Die Hochlandhexe Ein Kind der Sünde (German Edition)
Vergebung gewährt beim Anblick ihres rinnenden Blutes, ihres zerrissenen Fleisches. Da waren die Priester, die auch über die Mächtigsten Macht besaßen; mit dem Wort ihres Mundes, mit dem Text ihres Buches, mit der Flamme ihrer Fackel, mit dem Klange ihrer heiligen Glocke hielten sie im Zaume die Gewaltigen der Erde.

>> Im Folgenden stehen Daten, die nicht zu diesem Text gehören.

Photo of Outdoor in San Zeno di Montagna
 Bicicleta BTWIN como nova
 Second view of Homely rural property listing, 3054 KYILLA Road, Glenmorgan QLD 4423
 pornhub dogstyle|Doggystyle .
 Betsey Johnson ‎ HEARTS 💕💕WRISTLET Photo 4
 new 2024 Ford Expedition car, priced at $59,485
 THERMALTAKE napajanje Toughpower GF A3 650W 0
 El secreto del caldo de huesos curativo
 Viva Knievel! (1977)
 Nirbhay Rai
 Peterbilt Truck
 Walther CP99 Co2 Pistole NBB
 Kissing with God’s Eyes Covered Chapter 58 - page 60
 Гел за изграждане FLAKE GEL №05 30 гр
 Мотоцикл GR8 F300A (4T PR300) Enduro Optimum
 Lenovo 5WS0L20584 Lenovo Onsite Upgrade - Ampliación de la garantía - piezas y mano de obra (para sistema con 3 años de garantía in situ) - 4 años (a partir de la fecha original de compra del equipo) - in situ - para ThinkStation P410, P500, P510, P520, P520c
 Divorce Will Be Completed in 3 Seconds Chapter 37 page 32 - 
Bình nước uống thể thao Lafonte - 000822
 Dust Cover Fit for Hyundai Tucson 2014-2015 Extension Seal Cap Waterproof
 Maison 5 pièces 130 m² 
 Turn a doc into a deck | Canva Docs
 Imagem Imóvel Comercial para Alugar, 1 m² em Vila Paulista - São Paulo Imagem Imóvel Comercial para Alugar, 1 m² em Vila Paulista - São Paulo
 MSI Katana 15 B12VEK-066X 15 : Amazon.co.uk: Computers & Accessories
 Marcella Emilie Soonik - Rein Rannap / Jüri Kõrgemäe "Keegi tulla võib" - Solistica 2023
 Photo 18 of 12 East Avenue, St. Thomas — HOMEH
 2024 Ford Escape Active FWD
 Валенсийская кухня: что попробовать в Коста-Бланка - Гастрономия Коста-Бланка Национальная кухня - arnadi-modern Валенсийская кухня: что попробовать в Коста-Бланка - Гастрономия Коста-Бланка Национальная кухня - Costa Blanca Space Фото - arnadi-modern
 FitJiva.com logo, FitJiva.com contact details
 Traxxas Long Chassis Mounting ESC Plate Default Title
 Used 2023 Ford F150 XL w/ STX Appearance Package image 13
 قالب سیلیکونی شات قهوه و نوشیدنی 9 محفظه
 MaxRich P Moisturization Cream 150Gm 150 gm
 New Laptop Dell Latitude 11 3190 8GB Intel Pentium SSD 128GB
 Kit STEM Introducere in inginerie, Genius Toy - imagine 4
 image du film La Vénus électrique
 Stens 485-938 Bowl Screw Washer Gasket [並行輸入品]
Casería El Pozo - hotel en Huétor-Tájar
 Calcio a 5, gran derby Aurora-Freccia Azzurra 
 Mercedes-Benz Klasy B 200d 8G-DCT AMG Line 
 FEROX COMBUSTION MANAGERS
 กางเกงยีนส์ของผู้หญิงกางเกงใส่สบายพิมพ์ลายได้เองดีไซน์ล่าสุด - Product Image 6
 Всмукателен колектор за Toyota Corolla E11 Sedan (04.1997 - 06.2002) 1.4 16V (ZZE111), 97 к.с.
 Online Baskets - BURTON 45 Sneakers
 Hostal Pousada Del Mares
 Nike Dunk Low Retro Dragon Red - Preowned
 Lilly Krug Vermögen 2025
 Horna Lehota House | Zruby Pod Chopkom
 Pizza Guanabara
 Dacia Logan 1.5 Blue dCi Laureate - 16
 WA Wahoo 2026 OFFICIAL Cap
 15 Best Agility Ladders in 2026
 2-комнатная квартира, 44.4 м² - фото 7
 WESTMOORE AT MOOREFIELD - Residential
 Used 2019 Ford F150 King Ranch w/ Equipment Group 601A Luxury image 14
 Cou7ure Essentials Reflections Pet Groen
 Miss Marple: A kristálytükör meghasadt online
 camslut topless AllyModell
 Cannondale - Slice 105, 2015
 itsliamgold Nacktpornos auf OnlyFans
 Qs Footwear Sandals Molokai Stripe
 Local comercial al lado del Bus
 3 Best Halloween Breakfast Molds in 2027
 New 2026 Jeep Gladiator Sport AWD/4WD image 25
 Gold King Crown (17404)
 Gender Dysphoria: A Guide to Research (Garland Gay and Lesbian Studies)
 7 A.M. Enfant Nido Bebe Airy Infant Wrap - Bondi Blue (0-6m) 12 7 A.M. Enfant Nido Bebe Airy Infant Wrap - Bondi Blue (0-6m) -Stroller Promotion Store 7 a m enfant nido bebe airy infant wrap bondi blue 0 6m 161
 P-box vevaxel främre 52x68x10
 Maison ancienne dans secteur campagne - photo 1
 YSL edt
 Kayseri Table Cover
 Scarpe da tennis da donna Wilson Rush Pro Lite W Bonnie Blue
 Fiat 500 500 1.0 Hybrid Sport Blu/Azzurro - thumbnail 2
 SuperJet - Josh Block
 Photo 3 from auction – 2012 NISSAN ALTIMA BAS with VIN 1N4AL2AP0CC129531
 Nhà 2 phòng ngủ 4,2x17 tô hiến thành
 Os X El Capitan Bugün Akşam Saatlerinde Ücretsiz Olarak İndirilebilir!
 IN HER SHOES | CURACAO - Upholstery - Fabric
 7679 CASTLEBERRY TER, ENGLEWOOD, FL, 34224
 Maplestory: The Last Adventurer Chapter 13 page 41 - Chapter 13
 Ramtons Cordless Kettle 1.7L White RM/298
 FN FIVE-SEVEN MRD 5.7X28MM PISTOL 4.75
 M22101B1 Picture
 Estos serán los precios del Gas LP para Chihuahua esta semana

»Der Mächtige beugte den Nacken ihrem Willen, und ewig der Freiheit beraubt waren die, die sie in ihrem Grimm geknechtet hatten. Die hatten wohl Einfluß und Gewalt, und vor ihnen, deren Macht den Stolzen erniedrigte, fiel auch der Arme in die Knie.
»Doch ihr! Gegen wen seid ihr streng als gegen Weiber, die den Verstand verlieren, und gegen Männer, die kein Schwert mehr führen? Die alten Priester waren wie der Regenschwall, der sein enges Tal füllt und die gewaltigen Steinblöcke gegeneinander schleudert, als wären sie so leicht wie, ein Ball, mit dem ein Knabe spielt!
»Doch ihr! Ihr seid wie der Bach, den die glühende Hitze des Sommers ausgetrocknet hat, der den Binsen aus dem Wege geht und von einem Busch Riedgras in seinem Lauf gehemmt wird. Ihr seid wert, daß man Wehe schreit über euch, denn von euch kömmt keine Hilfe!«
Der Geistliche merkte Wohl, daß Elspat ihrem römisch-katholischen Glauben untreu geworden war, ohne einem anderen sich hinzugeben. Von Mitleid ergriffen mit ihrer Not, und um sie von ihren Irrtümern zu bekehren und in ihrer Unwissenheit zu belehren, erwiderte er in mildem, liebevollem Tone:
»Unglückliche Frau! Stünde auch Rom selber und sein ganzes Priestertum Euch zu Gebote, um ein Geschenk oder eine Buße könnte Euch auch von dorther in Eurem Jammer weder Trost noch Hilfe kommen. Elspat Mac Tavish, ich muß Euch leider etwas recht Trauriges mitteilen.«
»Ich weiß es ohnedem,« antwortete die Unglückliche. »Mein Sohn ist zum Tode verurteilt worden.«
»Elspat,« sagte der Geistliche, »er war verurteilt worden – und das Urteil ist bereits vollzogen worden.«
Die arme Mutter schlug die Augen zum Himmel empor und schrie laut auf. Ihre Stimme hatte einen allem Menschlichen so unähnlichen Klang, daß der Adler, der hoch oben in den Lüften schwebte, darauf Antwort gab, als hätte einer seinesgleichen ihm zugerufen.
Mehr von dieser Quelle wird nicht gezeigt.